Opinion polls were not designed to withstand an event such as this. It is a contest fought on tribal lines that barely correspond to the lines on the conventional political map.
 
Exceptionally, neither candidate has moved towards the centre ground, the time-honoured formula in most presidential elections. Trump doesn’t do nuance and he wasn’t going to try.
 
In today’s polarised US, one is for the political class or against it; to seek refuge in the middle of the road, as Margaret Thatcher once said, is to risk being run over.
 
Clinton conspicuously failed to reach out to Trump’s “basket of deplorables”. Instead, she has sown disdain, confirming the forgotten Americans’ worst fears about the political class: that their interests have not been overlooked by accident but by design.
 
They are right. Clinton’s pitch for power is less a vision for perfecting the Union than a statement of personal virtue; it’s not what you do but how you think that matters, and results be damned. One votes for the respectable candidate because one is not among the low-life who vote for Trump.
 
Postwar politics in the US brought the Republicans and Democrats closer together. This contest is being fought between people who appear to live on different planets, revolving in separate orbits.
 
They shop in different stores, eat different food and drive different cars. They learn about the world through separate Facebook streams; the development of digital silos means they are barely conscious of how the other half thinks.
 
Clinton appeals to moral narcissism, a sentiment that defines the world view of the modern Left and more than a few on the Right. “It is a narcissism that emanates from a supposed personal virtue augmented by a supposed intellectual clarity,” screenwriter Roger L. Simon writes in his recent book I Know Best.
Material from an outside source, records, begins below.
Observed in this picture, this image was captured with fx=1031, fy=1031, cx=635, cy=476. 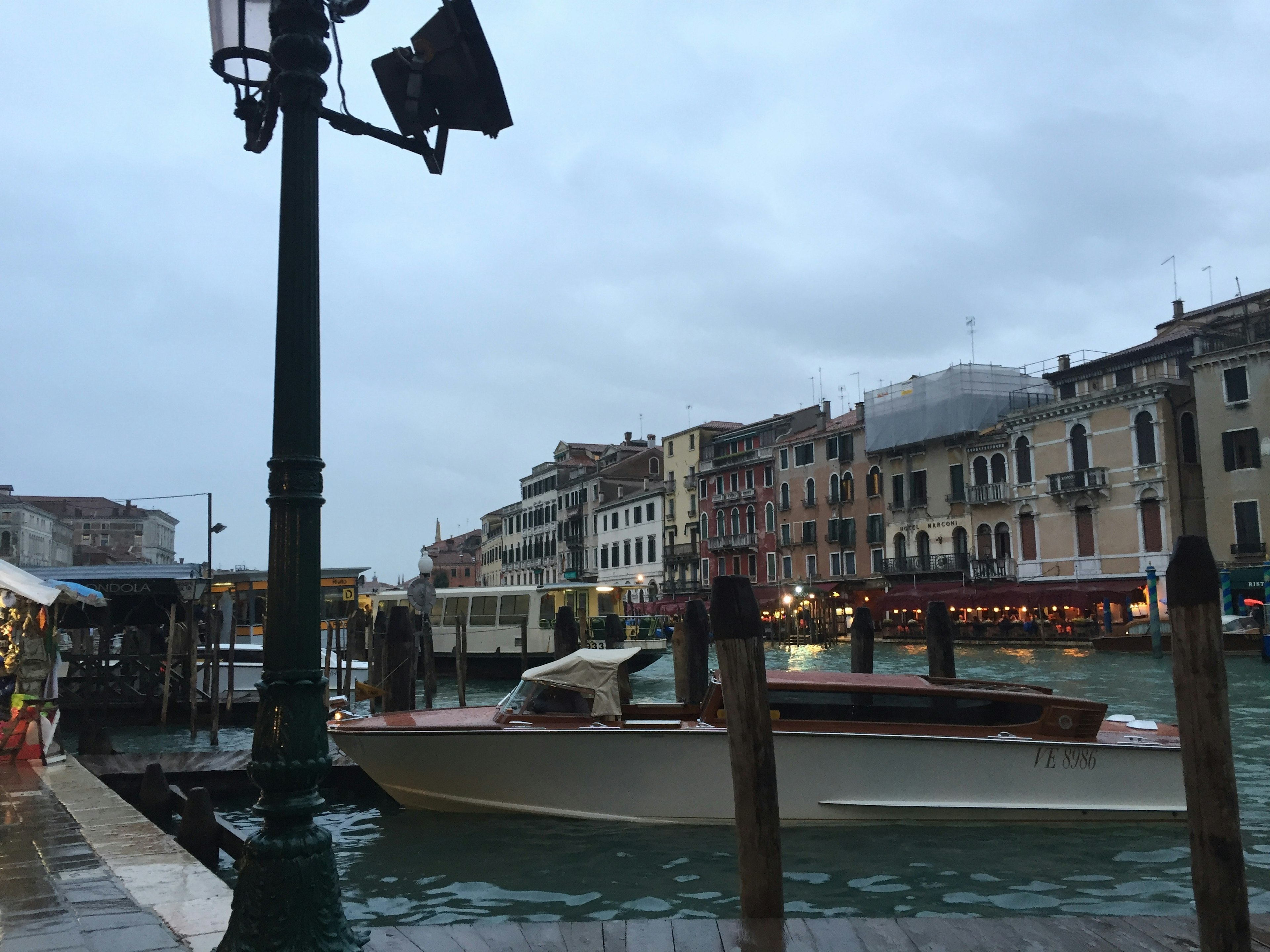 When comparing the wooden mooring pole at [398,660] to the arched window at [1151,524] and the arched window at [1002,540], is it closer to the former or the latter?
the arched window at [1151,524]

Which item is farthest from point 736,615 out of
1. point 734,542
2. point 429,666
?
point 734,542

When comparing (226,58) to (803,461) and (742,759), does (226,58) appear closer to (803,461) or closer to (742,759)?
(742,759)

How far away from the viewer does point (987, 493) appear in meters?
39.2

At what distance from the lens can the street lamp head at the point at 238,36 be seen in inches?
136

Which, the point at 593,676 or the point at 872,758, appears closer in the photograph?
the point at 872,758

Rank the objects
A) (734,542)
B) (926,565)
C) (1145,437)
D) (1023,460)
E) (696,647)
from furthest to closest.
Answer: (734,542), (926,565), (1023,460), (1145,437), (696,647)

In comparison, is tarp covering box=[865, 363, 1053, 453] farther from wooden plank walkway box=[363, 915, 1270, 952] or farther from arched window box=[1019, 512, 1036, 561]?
wooden plank walkway box=[363, 915, 1270, 952]

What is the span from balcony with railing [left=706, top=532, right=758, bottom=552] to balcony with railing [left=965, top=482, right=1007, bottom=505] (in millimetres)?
12443

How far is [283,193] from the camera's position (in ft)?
10.6

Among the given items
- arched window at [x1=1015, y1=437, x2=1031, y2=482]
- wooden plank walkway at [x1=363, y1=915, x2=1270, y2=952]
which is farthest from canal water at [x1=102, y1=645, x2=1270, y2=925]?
arched window at [x1=1015, y1=437, x2=1031, y2=482]

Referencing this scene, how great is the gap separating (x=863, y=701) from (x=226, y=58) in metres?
7.01

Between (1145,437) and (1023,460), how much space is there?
5001 mm

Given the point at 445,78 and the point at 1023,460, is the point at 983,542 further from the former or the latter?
the point at 445,78

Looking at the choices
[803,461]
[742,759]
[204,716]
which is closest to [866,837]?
[742,759] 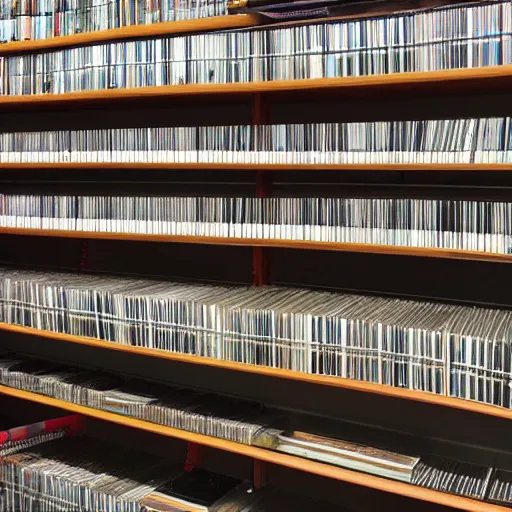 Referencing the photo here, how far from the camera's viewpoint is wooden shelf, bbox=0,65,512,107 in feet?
5.89

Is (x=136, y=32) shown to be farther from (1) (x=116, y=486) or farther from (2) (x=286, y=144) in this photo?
(1) (x=116, y=486)

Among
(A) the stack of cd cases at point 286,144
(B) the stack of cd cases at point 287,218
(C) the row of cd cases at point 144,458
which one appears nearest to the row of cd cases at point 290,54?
(A) the stack of cd cases at point 286,144

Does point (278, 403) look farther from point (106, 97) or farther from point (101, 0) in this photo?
point (101, 0)

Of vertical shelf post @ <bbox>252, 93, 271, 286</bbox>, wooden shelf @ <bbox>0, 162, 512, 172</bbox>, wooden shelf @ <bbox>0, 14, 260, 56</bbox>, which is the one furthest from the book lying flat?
wooden shelf @ <bbox>0, 14, 260, 56</bbox>

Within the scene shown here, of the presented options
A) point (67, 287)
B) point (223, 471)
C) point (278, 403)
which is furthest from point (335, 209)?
point (223, 471)

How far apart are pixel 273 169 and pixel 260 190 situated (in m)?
0.18

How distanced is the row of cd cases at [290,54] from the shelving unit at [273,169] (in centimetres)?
4

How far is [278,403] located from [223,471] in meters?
0.38

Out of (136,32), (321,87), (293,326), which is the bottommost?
(293,326)

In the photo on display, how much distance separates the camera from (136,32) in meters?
2.23

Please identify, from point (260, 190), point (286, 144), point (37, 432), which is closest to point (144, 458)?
point (37, 432)

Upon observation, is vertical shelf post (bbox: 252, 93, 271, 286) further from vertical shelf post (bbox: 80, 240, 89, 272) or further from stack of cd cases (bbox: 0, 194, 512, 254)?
vertical shelf post (bbox: 80, 240, 89, 272)

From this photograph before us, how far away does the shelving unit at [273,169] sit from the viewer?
1.84 meters

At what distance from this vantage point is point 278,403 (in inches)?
98.9
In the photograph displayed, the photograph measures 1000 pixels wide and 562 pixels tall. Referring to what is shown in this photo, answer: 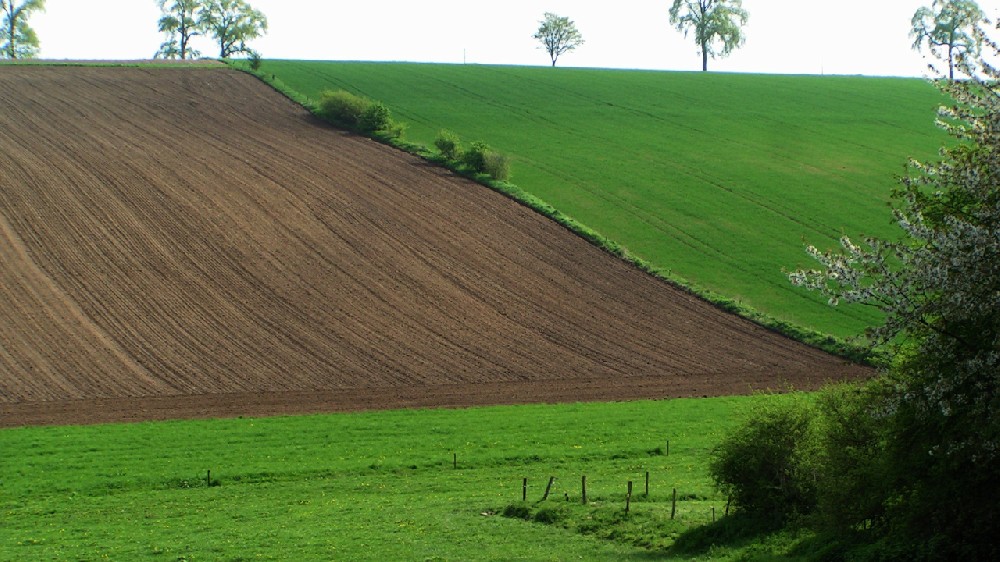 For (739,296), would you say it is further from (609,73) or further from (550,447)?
(609,73)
Moral narcissism, he says, took Clinton from an undergraduate social campaigner to Chappaqua plutocrat with a net worth in the tens of millions without missing a beat.
 
“If your intentions are good, if they conform to the general received values of your friends, family and co-workers, what a person of your class and social milieu is supposed to think, everything is fine. You are that ‘good’ person.”
 
If Simon is right, it augurs badly for a Clinton presidency. A country led by good intentions rather than good policy is a troubling place, particularly if those intentions are informed by the progressive fashions of the day….”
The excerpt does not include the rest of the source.